• _What to do_
All of the data must be written out verbatim, with pictures excluded.

• _Information supplied_
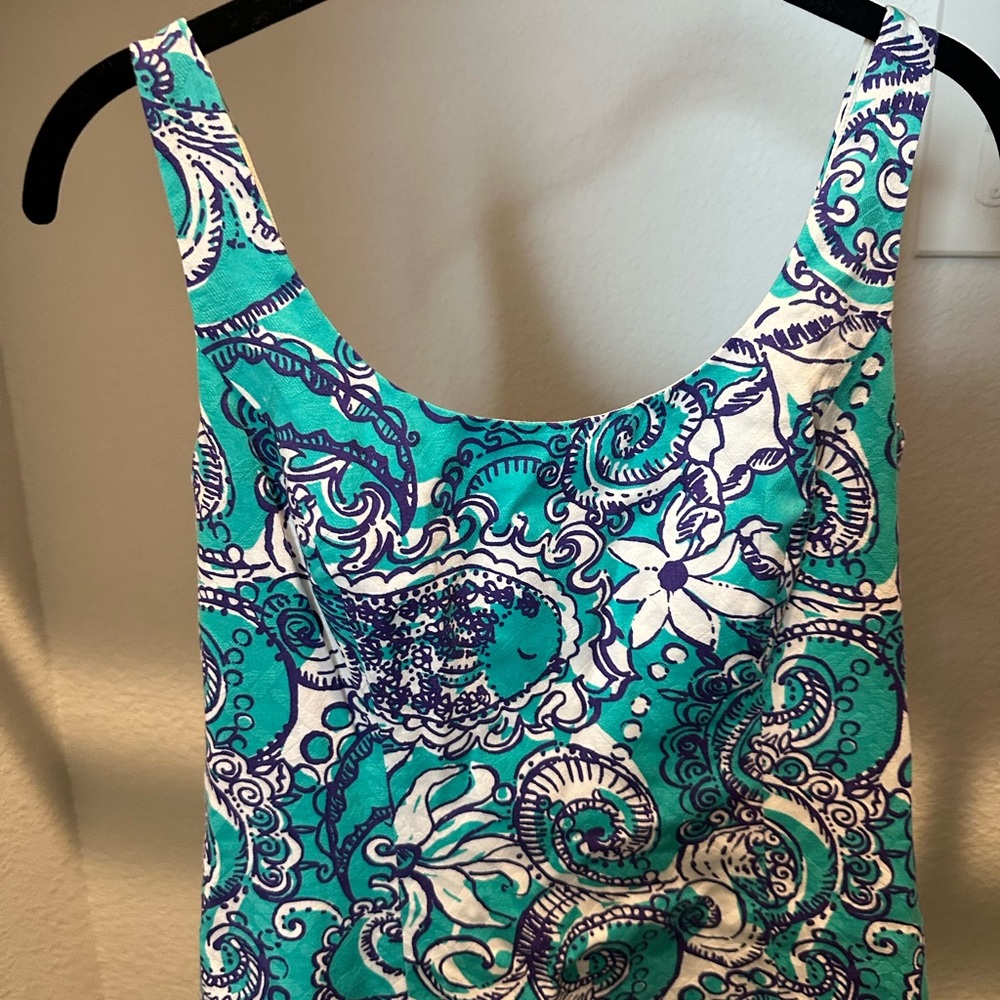 Lilly Pulitzer Eaton Montauk Seafoam Teal Green Sleeveless Shift Dress size 2 - Picture 4 of 7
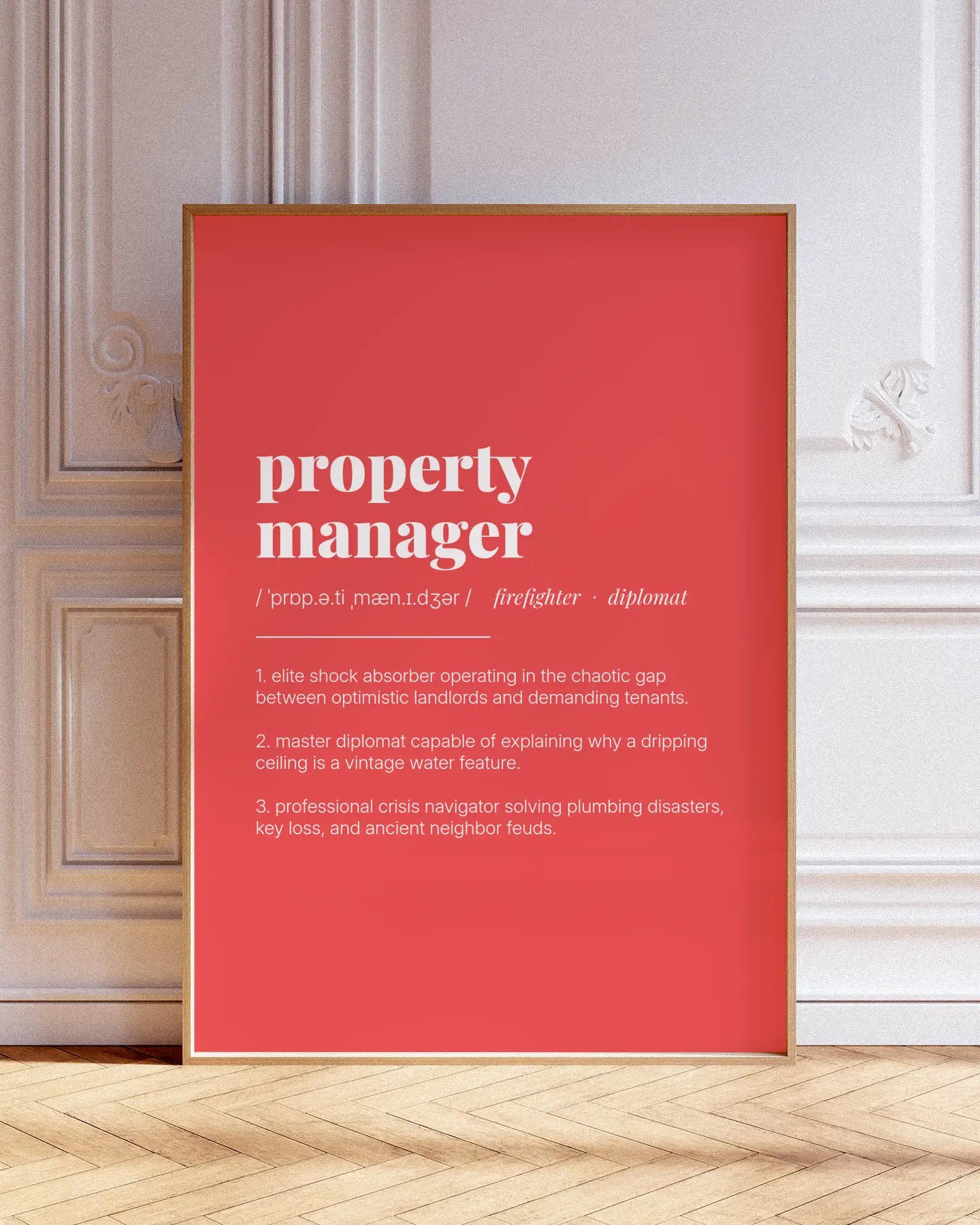 Definition Poster of Property<br />Manager on Strawberry background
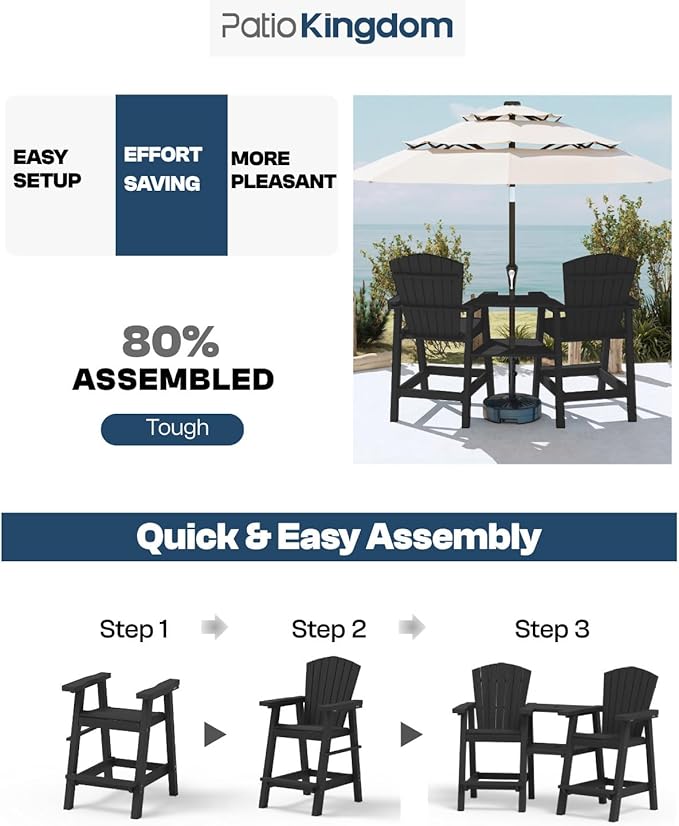 Tall Adirondack Chairs Set of 2 with Removable Tray, HDPE Bar Height Adirondack Bar Stools, High Back Patio Chairs for Balcony, Deck, Lawn, Backyard, All-Weather Outdoor Furniture, Gray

• _Task answer_
 Lilly Pulitzer Eaton Montauk Seafoam Teal Green Sleeveless Shift Dress size 2 - Picture 4 of 7
 Definition Poster of Property<br />Manager on Strawberry background
 Tall Adirondack Chairs Set of 2 with Removable Tray, HDPE Bar Height Adirondack Bar Stools, High Back Patio Chairs for Balcony, Deck, Lawn, Backyard, All-Weather Outdoor Furniture, Gray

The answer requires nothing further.